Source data
= = = =

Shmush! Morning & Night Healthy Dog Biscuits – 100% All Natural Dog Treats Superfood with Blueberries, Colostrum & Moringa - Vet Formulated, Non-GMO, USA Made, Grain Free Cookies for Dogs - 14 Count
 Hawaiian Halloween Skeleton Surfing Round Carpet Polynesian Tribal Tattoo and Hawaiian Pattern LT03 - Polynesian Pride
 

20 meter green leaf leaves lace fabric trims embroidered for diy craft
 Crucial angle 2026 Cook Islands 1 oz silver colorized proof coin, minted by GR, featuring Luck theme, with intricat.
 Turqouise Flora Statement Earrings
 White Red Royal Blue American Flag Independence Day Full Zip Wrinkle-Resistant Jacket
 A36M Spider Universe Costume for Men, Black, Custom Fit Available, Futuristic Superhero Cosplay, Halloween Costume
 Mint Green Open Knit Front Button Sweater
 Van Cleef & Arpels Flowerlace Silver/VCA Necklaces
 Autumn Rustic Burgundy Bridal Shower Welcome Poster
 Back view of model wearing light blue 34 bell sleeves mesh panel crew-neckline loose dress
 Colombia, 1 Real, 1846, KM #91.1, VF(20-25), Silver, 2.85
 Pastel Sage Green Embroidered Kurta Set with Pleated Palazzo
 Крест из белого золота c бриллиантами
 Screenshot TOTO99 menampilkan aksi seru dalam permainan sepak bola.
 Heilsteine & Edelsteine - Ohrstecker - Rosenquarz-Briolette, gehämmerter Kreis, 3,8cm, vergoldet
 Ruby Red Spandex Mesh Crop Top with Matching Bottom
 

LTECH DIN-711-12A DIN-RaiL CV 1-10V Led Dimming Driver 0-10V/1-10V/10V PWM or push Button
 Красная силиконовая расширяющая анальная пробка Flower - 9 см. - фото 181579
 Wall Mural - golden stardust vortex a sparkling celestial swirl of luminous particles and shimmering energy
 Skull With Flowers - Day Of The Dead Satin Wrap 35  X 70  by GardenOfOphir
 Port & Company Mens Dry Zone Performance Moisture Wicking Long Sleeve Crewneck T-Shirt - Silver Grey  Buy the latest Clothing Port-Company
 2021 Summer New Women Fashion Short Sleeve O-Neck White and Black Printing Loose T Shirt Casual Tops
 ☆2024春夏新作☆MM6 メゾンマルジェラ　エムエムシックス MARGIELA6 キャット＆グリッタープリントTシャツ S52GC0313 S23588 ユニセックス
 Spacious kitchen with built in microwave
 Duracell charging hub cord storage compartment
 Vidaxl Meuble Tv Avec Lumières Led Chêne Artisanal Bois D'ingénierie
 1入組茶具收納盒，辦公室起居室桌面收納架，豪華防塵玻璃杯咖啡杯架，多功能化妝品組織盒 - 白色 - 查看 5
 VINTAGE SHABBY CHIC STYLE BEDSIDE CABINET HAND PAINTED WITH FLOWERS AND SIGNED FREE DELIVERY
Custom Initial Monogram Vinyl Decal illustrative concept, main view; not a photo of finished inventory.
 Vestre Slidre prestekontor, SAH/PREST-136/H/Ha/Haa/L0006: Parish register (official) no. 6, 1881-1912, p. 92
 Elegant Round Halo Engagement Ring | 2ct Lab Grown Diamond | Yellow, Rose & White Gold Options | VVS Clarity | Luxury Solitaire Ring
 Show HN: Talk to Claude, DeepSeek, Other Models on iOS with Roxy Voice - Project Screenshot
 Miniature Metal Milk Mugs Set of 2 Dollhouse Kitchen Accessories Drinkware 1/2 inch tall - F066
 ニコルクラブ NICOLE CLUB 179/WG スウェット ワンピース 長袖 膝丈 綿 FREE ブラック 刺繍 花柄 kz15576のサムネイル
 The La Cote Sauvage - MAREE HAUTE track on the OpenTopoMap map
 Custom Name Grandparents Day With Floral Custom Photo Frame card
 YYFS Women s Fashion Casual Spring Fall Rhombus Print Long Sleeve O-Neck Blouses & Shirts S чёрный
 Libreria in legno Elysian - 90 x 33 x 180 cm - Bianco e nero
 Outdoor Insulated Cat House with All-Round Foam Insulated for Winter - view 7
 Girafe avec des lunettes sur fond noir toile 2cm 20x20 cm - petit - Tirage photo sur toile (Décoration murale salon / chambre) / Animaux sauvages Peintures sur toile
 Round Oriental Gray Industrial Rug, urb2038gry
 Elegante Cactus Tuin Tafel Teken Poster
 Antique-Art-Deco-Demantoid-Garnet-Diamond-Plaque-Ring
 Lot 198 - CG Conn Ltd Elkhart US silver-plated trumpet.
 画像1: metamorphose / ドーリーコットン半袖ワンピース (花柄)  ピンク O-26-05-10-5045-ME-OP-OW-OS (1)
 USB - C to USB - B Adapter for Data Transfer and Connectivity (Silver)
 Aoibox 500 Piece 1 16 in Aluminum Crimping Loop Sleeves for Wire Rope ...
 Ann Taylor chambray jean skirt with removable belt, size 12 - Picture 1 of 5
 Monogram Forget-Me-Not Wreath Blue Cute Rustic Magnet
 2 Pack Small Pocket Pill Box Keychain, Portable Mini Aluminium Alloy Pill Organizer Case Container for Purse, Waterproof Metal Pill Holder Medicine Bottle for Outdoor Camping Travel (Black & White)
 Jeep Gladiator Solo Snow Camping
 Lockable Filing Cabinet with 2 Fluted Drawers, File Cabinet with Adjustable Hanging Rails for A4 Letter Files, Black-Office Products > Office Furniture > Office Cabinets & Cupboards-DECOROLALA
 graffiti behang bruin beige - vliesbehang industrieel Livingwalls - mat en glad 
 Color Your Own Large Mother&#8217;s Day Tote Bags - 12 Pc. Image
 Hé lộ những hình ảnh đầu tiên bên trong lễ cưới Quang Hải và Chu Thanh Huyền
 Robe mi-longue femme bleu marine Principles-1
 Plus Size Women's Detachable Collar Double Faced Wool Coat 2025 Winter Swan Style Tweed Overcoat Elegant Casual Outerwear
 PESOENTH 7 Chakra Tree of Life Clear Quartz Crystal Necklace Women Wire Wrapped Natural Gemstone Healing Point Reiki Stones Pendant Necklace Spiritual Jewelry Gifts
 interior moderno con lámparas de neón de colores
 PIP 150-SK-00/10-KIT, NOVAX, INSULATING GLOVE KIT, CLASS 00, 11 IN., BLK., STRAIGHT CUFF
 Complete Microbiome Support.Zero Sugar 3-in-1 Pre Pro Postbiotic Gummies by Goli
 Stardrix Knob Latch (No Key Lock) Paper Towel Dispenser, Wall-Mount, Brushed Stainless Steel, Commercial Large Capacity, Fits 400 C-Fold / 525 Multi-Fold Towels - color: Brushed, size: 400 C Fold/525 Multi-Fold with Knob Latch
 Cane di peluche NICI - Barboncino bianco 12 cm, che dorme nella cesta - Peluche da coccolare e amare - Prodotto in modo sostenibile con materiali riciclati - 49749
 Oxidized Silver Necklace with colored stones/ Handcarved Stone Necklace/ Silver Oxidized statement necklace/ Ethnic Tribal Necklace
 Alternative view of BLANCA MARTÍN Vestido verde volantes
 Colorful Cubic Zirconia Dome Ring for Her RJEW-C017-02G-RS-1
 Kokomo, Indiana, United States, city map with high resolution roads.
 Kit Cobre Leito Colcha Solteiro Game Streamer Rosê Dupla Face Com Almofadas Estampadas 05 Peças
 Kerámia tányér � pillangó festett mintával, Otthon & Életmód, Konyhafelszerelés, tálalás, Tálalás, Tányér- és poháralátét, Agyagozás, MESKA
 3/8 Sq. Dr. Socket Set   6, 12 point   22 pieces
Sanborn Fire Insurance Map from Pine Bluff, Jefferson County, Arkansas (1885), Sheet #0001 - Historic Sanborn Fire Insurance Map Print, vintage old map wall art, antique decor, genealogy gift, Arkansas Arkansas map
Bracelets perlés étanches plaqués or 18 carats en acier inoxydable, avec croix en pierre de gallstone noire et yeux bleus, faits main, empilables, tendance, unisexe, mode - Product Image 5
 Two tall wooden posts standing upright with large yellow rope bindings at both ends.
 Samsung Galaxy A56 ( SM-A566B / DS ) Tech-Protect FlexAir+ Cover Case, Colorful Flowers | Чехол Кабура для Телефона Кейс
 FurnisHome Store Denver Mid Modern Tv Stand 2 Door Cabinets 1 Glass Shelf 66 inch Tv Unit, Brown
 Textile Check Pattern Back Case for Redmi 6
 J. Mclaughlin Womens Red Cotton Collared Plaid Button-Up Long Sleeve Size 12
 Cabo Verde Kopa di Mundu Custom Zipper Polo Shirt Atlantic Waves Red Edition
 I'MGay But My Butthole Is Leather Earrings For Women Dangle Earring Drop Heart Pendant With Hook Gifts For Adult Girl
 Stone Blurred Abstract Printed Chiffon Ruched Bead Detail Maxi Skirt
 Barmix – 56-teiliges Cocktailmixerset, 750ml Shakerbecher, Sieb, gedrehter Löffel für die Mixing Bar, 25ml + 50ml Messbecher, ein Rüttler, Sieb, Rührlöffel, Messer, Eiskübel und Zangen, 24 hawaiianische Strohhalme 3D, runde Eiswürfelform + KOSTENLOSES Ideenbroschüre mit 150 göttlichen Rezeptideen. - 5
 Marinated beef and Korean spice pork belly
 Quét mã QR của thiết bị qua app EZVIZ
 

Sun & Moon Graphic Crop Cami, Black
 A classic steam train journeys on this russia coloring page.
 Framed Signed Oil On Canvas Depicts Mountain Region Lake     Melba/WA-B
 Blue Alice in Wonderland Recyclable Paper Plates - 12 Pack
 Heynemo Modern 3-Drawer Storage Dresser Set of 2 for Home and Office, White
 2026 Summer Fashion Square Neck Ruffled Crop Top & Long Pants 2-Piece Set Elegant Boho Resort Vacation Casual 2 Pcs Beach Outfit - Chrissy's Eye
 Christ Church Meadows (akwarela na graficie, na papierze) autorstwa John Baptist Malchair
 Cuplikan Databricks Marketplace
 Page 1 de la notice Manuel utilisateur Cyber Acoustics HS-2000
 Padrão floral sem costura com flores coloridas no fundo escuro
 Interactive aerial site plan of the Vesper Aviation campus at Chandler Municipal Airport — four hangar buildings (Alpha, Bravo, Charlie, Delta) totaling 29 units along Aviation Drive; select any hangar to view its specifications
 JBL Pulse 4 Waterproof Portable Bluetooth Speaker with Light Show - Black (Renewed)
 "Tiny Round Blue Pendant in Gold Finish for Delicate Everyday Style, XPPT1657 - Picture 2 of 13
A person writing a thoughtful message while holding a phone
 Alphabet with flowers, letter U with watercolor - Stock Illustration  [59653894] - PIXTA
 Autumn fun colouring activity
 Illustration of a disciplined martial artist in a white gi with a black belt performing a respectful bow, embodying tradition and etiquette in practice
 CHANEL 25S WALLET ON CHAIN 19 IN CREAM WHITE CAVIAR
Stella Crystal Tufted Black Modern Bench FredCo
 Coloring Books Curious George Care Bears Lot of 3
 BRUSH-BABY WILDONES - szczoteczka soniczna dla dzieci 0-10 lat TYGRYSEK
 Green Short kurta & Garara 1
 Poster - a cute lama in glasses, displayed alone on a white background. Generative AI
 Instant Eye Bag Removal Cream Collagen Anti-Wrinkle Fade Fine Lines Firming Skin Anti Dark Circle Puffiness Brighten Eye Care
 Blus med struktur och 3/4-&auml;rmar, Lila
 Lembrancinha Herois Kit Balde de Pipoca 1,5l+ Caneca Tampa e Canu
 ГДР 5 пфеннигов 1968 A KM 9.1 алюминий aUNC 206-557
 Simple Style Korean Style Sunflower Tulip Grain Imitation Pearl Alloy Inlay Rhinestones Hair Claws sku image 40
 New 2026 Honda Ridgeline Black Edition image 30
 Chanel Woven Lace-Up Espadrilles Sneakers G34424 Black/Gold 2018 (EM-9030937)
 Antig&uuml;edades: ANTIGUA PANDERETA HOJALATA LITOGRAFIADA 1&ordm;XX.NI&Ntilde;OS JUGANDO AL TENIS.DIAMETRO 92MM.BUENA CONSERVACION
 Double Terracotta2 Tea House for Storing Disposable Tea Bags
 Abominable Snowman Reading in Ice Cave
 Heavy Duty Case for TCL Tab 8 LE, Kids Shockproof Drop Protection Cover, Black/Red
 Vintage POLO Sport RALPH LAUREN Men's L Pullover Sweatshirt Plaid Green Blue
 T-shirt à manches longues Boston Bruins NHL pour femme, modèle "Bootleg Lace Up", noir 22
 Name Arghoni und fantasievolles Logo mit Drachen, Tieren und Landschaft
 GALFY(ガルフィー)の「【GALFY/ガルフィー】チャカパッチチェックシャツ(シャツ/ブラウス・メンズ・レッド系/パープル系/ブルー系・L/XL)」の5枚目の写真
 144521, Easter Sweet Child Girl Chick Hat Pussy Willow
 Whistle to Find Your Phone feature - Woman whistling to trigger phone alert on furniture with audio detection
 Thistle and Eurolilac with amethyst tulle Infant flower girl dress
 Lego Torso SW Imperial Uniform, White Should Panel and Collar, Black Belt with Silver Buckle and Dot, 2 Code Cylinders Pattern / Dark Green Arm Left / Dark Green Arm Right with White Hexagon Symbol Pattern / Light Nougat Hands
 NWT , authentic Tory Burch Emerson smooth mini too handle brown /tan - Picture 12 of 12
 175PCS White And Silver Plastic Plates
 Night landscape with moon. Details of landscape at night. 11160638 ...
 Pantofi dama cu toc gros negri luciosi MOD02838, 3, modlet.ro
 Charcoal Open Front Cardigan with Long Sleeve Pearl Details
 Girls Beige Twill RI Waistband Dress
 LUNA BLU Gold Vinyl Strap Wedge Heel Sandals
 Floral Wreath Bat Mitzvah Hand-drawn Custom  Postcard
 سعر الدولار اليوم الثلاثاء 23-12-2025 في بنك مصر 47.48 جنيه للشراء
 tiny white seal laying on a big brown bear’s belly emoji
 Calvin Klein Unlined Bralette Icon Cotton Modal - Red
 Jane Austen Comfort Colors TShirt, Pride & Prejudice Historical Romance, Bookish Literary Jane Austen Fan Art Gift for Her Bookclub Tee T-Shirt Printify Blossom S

= = = =

TASK DESCRIPTION =>
All lines above between those holding "Whistle to Find" and "Thistle and Eurolilac", inclusive, must be set down unchanged, and no other line may be included.

ANSWER TO THE EXERCISE =>
 Whistle to Find Your Phone feature - Woman whistling to trigger phone alert on furniture with audio detection
 Thistle and Eurolilac with amethyst tulle Infant flower girl dress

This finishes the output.